● **About this task**
Print the listing in its entirety and exactly, leaving out images.
┌────────
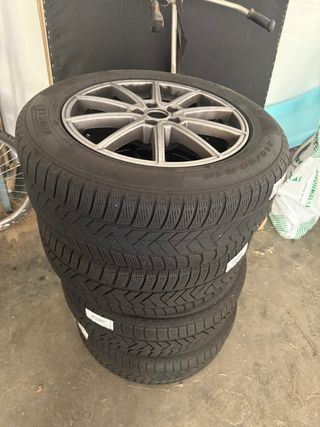 Llantas 18” Volvo con Neumáticos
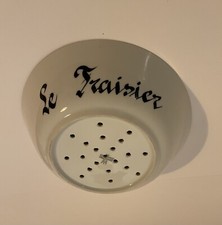 "LE FRAISIER" plat égouttoir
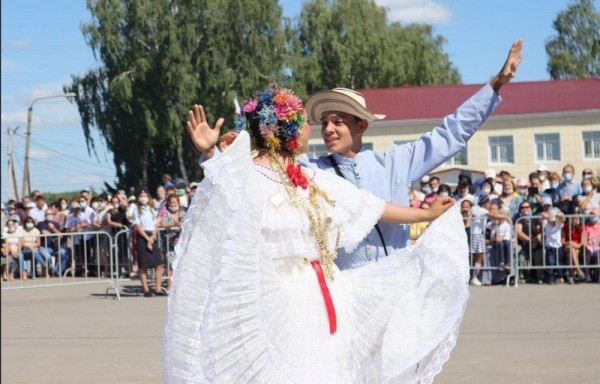 Panameños encantan al público ruso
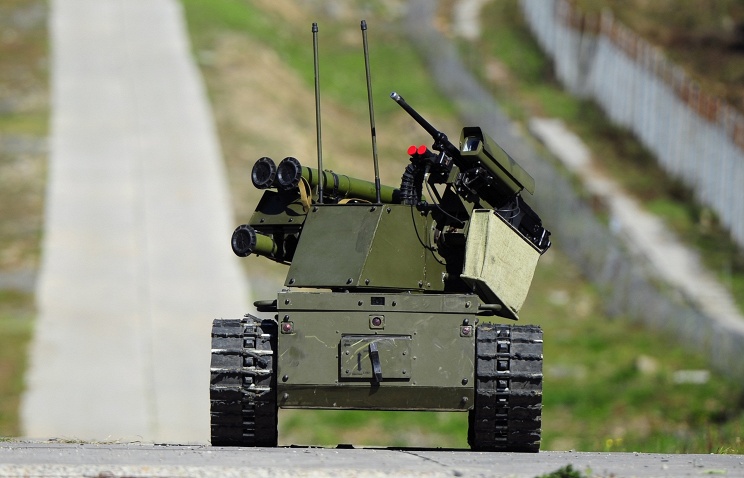 Путин распорядился создать центр военной робототехники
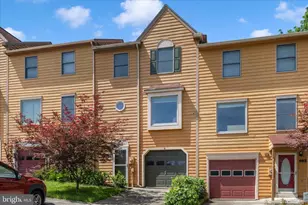 6631 E Beach Dr, New Market, MD 21774 - Photo 2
└────────
● **Your response**
 Llantas 18” Volvo con Neumáticos
 "LE FRAISIER" plat égouttoir
 Panameños encantan al público ruso
 Путин распорядился создать центр военной робототехники
 6631 E Beach Dr, New Market, MD 21774 - Photo 2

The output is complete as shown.